ВЕЛИКИЙ ПРОФАНАТОР Посв. Я. Рубенчику

04-03-2003


Посв. Я. Рубенчику

 

В предыдущем номере альманаха опубликована статья Якова Рубенчика “Без мелодии не может быть музыки”, где автор неопровержимо доказывает, что Шостакович, который был лишён мелодического дара, фигура дутая. Формула прекрасная и ёмкая: нет мелодии — нет и музыки. Мало того: формула эта универсальная. Предлагаю читателю применить её, например, к Бетховену. Правда, поскольку Бетховен был явным графоманом и написал несметное количество всяких сомнительных поделок, ограничусь только фортепианными сонатами, которых у него всего тридцать две.

Что представляет собой главная тема Первой сонаты? В сущности, вообще ничего: верхний голос скачет по звукам тонического трезвучия, а когда выше уже ускакать нельзя, Бетховен, напрочь лишённый мелодического дара, дописывает какую-то несуразную завитушку, напоминающую мяв” рассерженного котёнка. Во втором заходе Бетховен опять скачет по звукам трезвучия — только на сей раз доминантового (какое, однако, разнообразие!), и снова мы слышим этот рассерженный “мяв”. Затем молодому автору фантазия отказывает, и мы вынуждены выслушать ещё пять таких рассерженных “мявов”. И всё это вместо того, чтобы написать гладкую красивую мелодию! При этом в басу навязчиво повторяется один и тот же аккорд (да ещё по три раза — позже Бетховен “оформит” это как свой “брэнд в Пятой симфонии).

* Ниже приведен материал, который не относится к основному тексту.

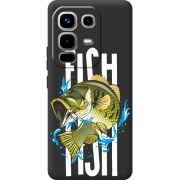 Чорний чохол BoxFace Infinix Note 50 Pro Fish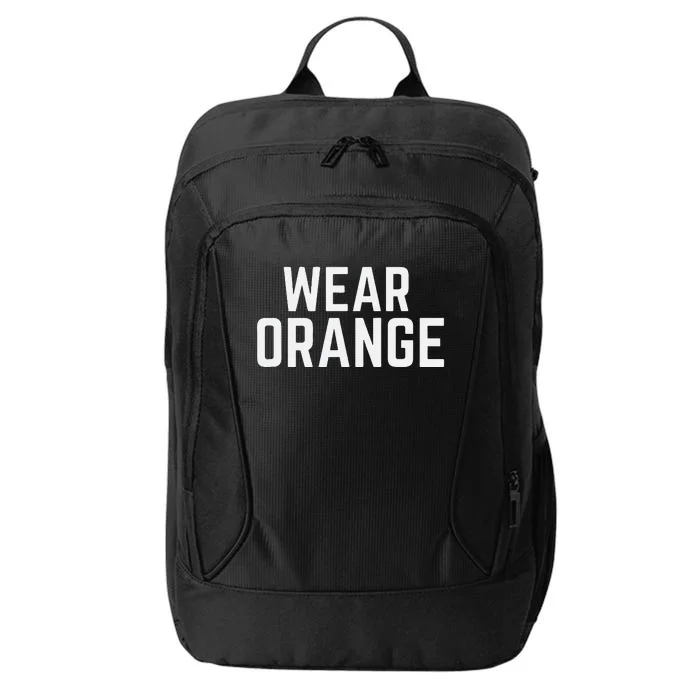 Wear Orange End Gun Violence Awareness Protect Our Children City Backpack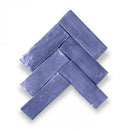 Ruwe glanzende paarse Zelliges Alhambra Bejmat tegels in visgraatpatroon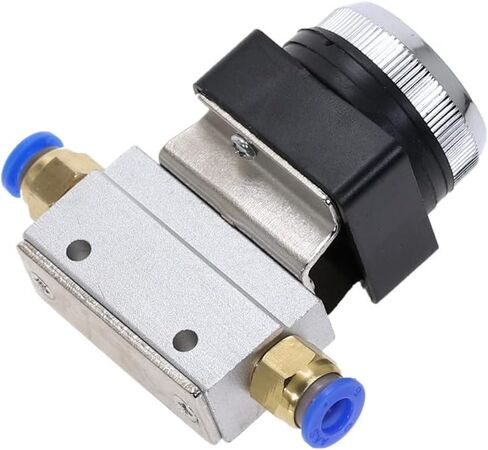 Air Valve, Mechanical Toggle Switch, 1 Piece 1/8" Thread 2 Position 3 Way Flat Push Button Momentary Pneumatic Valves MOV-321PP in Saudi Arabia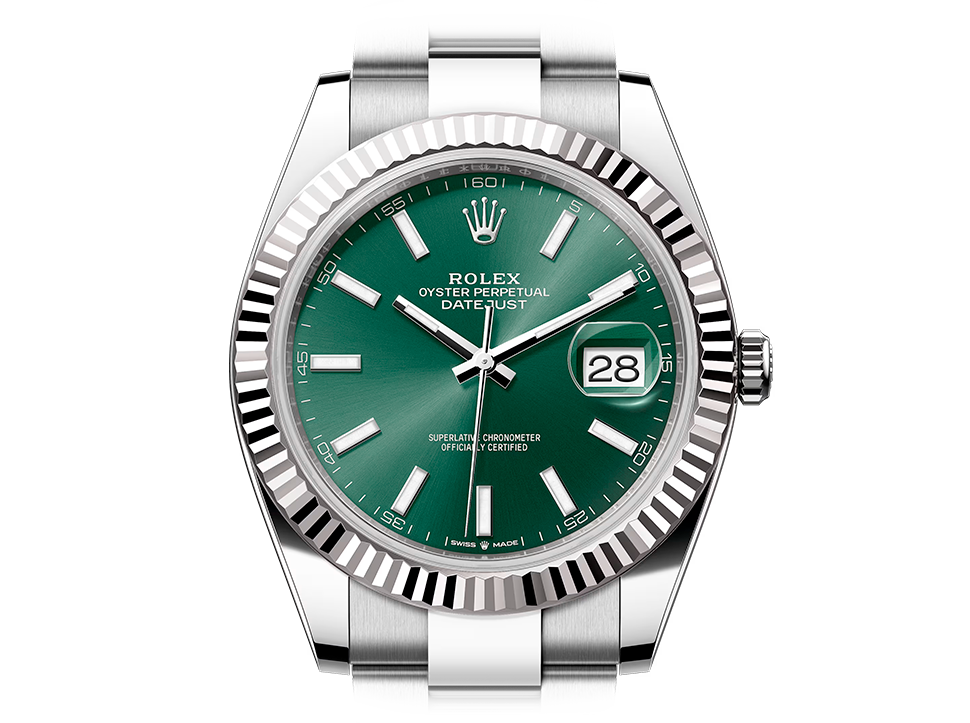 Buy original Rolex Datejust 126334-0027 with Bitcoin!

Во Второй сонате дело обстоит не лучше. Нисходящий квартовый ход в октавном удвоении предшествует нисходящей же полугамме причём эта “упадочная” придумка повторяется юным автором без зазрения совести. Мало того: вслед за ней и мелодия, и бас движутся по звукам нисходящего доминантсептаккорда… Никакой мелодии, заметьте, при этом не наблюдается даже близко! (В 1948 году за такое издевательство Бетховена наверняка объявили бы формалистом и исключили бы из Союза композиторов СССР. Что было бы закономерно и справедливо.)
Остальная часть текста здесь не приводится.